Yahweh’s name also means God revealed Himself as the God of grace. The name is considered to name the most sacred and most exalted among other names, as God is not likely to change. The Jews have their own fears to mention this name, because they always remember to Leviticus 24:16, “And he that blasphemeth the name of the LORD, he shall surely be put to death, and all the congregation shall certainly stone him: as well the stranger, as he that is born in the land, when he blasphemeth the name of the Lord, shall be put to death”.

Because fear is so in reading the Scriptures of the Jews to replace it with ‘Adonai’ or ‘Elohim’. Exodus 3:14 says: “And God said unto Moses, I AM THAT I AM: and he said, Thus shalt thou say unto the children of Israel, I AM hath sent me unto you” or it could also mean: ‘I’ll be what I will be’. If interpreted with such an understanding, hence the name refers to a state that does not change God.
Nevertheless, the subject matter is not the existence of God does not change in essence, as He has not changed in terms of His relationship to His people, but that name contains a guarantee that God will belong to the people of Israel at the time of Moses, just as God the Father God of their fathers Abraham, Isaac and Jacob.
The name emphasizes God’s covenant faithfulness (Exodus 15:3 “The LORD is a man of war: the LORD is his name”, Psalm 83:19, Hosea 12:6, Isaiah 42:8, “I am the Lord, that’s my name; I will not give My glory to another or my fame to the sculpture “), and thus the name was not used to anyone, except for the name of the God of Israel.

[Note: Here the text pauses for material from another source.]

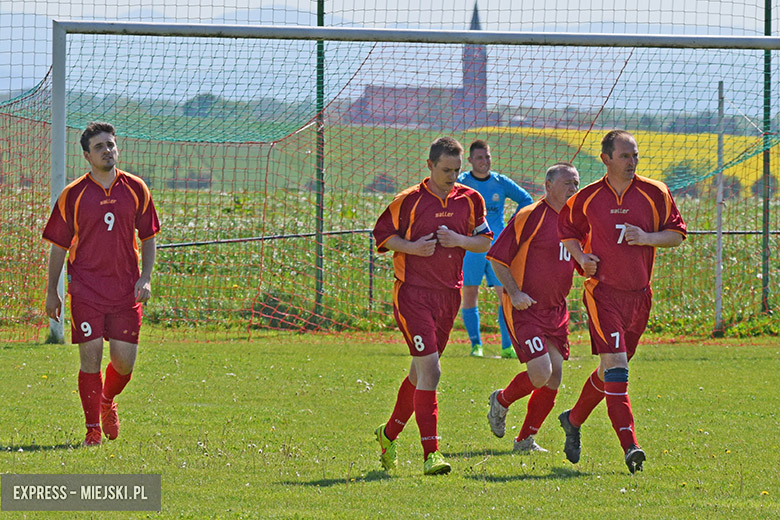 KP Wichrów - KS Piotrowice 4:2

Exclusive nature of the name comes from the fact that the name never appears in the plural or with a prefix.

The name Yahweh Tsebhaoth, “Lord of the Worlds” is the title of God, the name is not on the books of the Pentateuch, first appeared in 1 Samuel 1:3 as a title by which God is worshiped in Shiloh. This name was used by David when he faced the Goliath of the Philistines (1 Samuel 17:45) and David use it again as the climax of the song of victory is glorious (Psalm 24:10).
The name is commonly used in the Prophets (88 times in Jeremiah), and used to show that God is the Saviour of all times and protector for his people (Psalm 46:7,11).

Tsebhaoth literal meaning is the army, which at first might be referred to the Israeli army. (Compare with 1 Samuel 17:45 “But David said to the Philistine,” You come at me with sword and spear and javelin, but I come to thee by the name of the LORD of hosts, the God of Israel all the rows that you challenge it “). But soon expanded into a whole host of heaven, prepared to carry out God’s command.